======== EXERCISE DATA

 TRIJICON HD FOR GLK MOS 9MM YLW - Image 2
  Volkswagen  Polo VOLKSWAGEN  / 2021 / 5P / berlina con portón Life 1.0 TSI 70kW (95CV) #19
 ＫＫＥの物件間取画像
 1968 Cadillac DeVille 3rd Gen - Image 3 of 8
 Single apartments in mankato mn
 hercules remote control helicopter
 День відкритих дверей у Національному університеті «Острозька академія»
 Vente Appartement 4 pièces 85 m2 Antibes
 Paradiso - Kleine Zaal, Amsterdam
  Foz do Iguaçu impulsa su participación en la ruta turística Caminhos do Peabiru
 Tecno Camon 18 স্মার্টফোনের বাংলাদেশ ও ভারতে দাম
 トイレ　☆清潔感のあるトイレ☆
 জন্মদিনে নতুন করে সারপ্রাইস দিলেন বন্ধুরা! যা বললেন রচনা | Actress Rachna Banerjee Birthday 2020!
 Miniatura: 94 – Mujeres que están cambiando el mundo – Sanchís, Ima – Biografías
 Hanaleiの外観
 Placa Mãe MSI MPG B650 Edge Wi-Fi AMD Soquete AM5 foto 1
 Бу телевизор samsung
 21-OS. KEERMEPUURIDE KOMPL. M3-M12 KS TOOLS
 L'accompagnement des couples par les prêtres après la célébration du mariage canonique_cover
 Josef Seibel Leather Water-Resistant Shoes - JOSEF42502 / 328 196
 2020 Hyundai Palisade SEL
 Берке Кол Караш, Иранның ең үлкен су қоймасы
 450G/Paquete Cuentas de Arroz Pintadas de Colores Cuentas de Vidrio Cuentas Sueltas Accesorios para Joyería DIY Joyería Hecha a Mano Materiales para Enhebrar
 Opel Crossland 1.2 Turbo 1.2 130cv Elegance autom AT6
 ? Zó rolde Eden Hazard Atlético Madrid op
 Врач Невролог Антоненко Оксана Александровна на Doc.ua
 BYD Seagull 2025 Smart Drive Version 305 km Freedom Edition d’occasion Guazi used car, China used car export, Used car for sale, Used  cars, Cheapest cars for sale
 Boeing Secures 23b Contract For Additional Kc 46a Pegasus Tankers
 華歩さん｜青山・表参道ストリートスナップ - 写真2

================

Copy all lines from the entries that contain the word "Image".

## EXERCISE RESULT:
 TRIJICON HD FOR GLK MOS 9MM YLW - Image 2
 1968 Cadillac DeVille 3rd Gen - Image 3 of 8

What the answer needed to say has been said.